Some businesses, such as MacDinton’s in downtown St. Petersburg and the Mad Beach Dive Bar in Madeira Beach, gave the production nearly unlimited access to film there whenever they wanted to stop by as long as they called first.
MacDinton’s, the first bar the cast members visited and threw up outside of (all on a Monday night!), will host a watch party during Thursday’s premiere. Management from Sunpubs, which owns that bar, as well as Caddy’s, Caddy’s on the Beach and 260 First, helped bring the show to Pinellas, taking the production team on a tour of its local nightspots months before producers decided on St. Petersburg.
The scene at a bar when Floribama Shore showed up went like this: The cast would generally arrive with a crew of about a dozen people, including camera operators, directors and security guards. A control room would often be set up in an unused office or empty restaurant dining room. Patrons were asked to sign waivers giving permission for their image to appear on TV. There were rarely any drinks on the house, bar owners said. The cast paid for what they ordered like everyone else.
“They told us no special treatment,” said David Culhane, marketing manager for Sunpubs. “We couldn’t block off a special area for them, or anything. One of the cast members actually forgot her ID and we couldn’t let her in.”
Mad Beach Dive Bar owner Will Veneziano said the production was professional and great to work with, but it was the locals who tended to “get extra aggressive” or “too involved trying to get on TV” when the cast was around.

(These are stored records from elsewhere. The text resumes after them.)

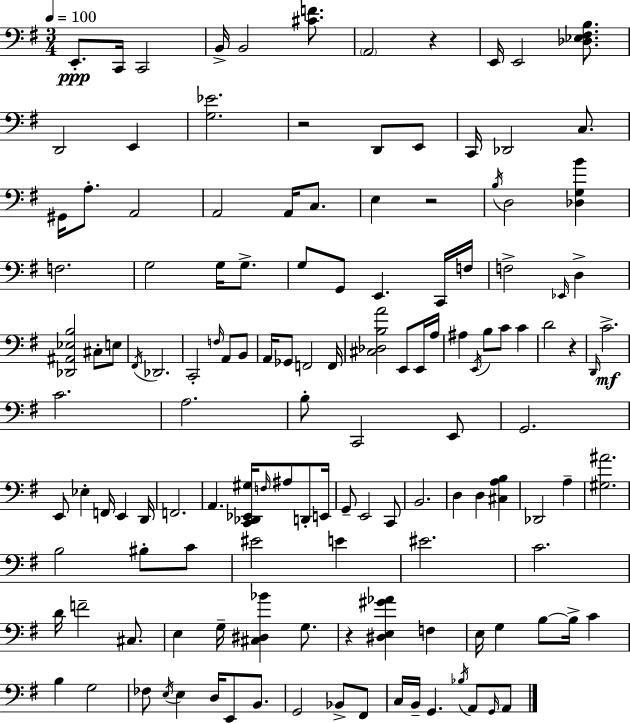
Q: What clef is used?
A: bass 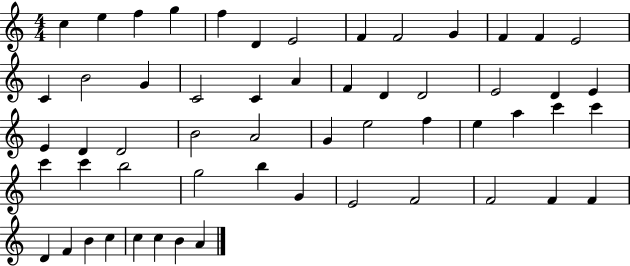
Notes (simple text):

C5/q E5/q F5/q G5/q F5/q D4/q E4/h F4/q F4/h G4/q F4/q F4/q E4/h C4/q B4/h G4/q C4/h C4/q A4/q F4/q D4/q D4/h E4/h D4/q E4/q E4/q D4/q D4/h B4/h A4/h G4/q E5/h F5/q E5/q A5/q C6/q C6/q C6/q C6/q B5/h G5/h B5/q G4/q E4/h F4/h F4/h F4/q F4/q D4/q F4/q B4/q C5/q C5/q C5/q B4/q A4/q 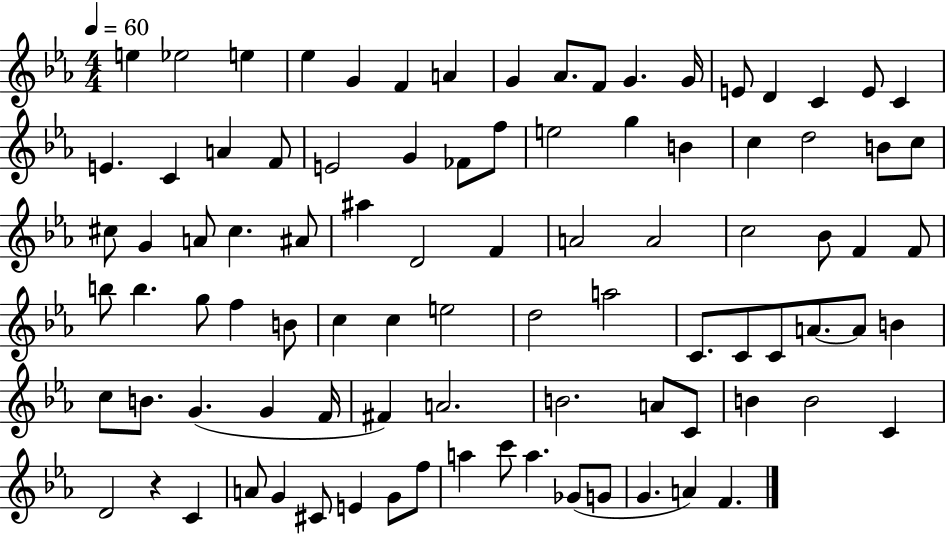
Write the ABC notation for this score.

X:1
T:Untitled
M:4/4
L:1/4
K:Eb
e _e2 e _e G F A G _A/2 F/2 G G/4 E/2 D C E/2 C E C A F/2 E2 G _F/2 f/2 e2 g B c d2 B/2 c/2 ^c/2 G A/2 ^c ^A/2 ^a D2 F A2 A2 c2 _B/2 F F/2 b/2 b g/2 f B/2 c c e2 d2 a2 C/2 C/2 C/2 A/2 A/2 B c/2 B/2 G G F/4 ^F A2 B2 A/2 C/2 B B2 C D2 z C A/2 G ^C/2 E G/2 f/2 a c'/2 a _G/2 G/2 G A F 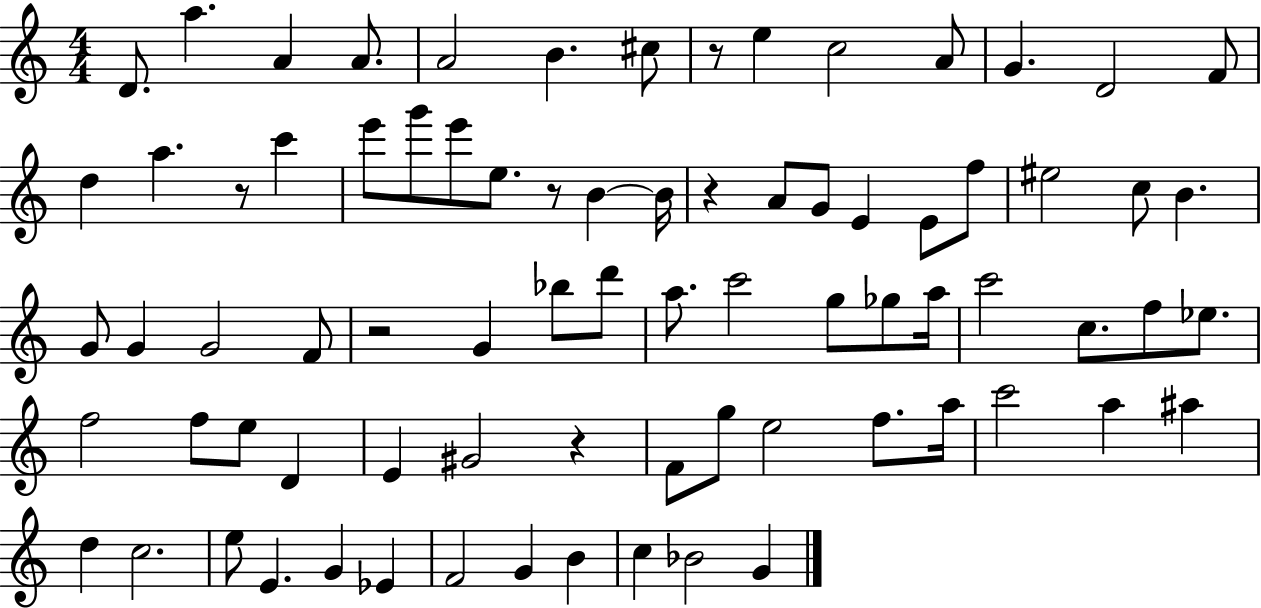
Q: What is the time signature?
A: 4/4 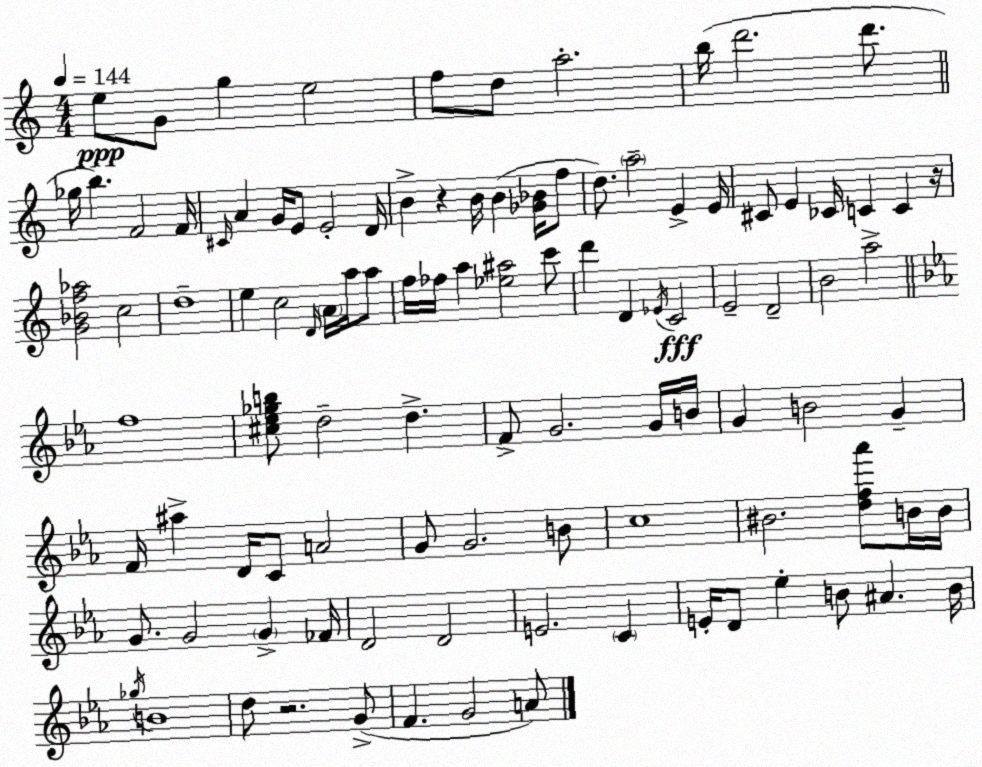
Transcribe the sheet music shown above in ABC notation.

X:1
T:Untitled
M:4/4
L:1/4
K:Am
e/2 G/2 g e2 f/2 d/2 a2 b/4 d'2 d'/2 _g/4 b F2 F/4 ^C/4 A G/4 E/2 E2 D/4 B z B/4 B [_G_B]/4 f/2 d/2 a2 E E/4 ^C/2 E _C/4 C C z/4 [G_Bf_a]2 c2 d4 e c2 D/4 A/4 a/4 a/2 f/4 _f/4 a [_e^a]2 c'/2 d' D _E/4 C2 E2 D2 B2 a2 f4 [^c_e_gb]/2 d2 d F/2 G2 G/4 B/4 G B2 G F/4 ^a D/4 C/2 A2 G/2 G2 B/2 c4 ^B2 [df_a']/2 B/4 B/4 G/2 G2 G _F/4 D2 D2 E2 C E/4 D/2 _e B/2 ^A B/4 _g/4 B4 d/2 z2 G/2 F G2 A/2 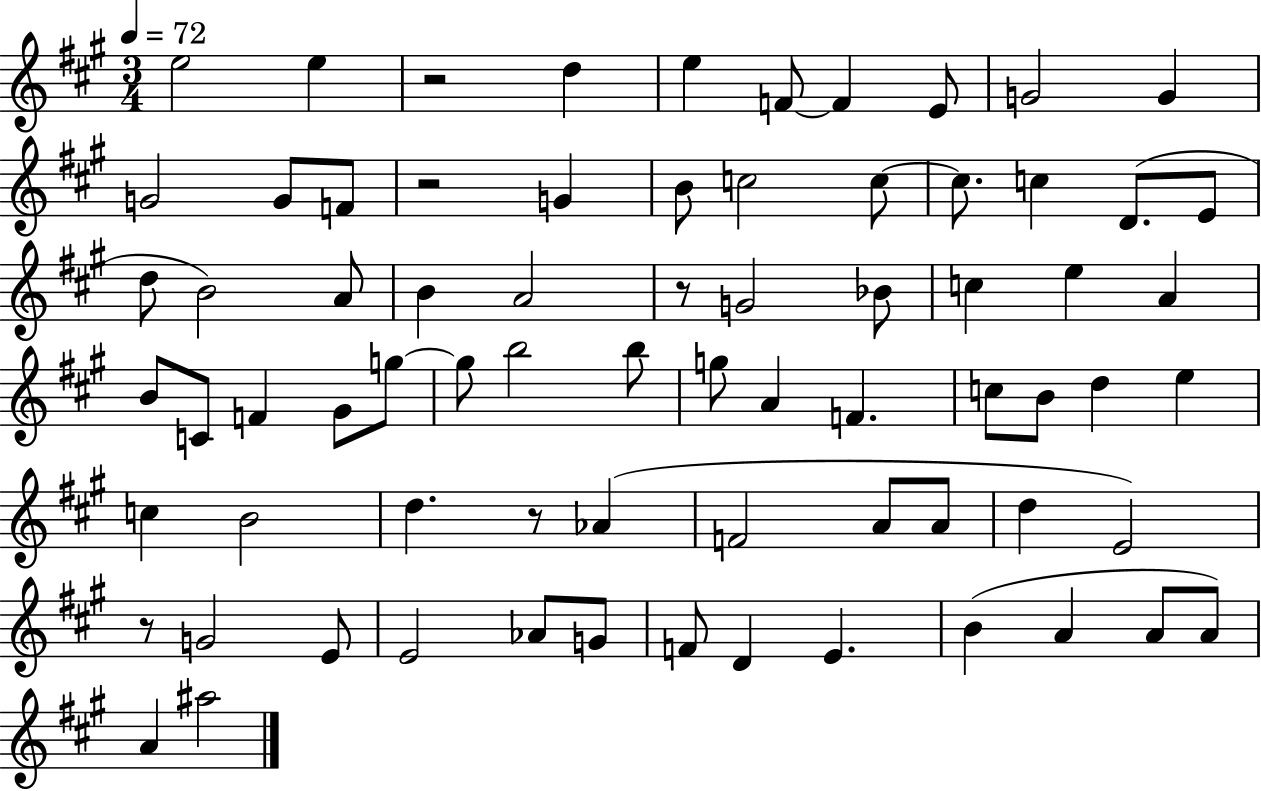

“They were a little rowdy, but we’re a nightclub at night, we’re rowdy too,” Veneziano said. “They weren’t like, blowing lines off the tables. ... One of the girls maybe fell over a little bit, but it’s not like that’s never happened at a bar. I think the kids get a bad rap. They’re young drunk kids, no worse than any spring breakers, except they’re under a microscope being on TV.”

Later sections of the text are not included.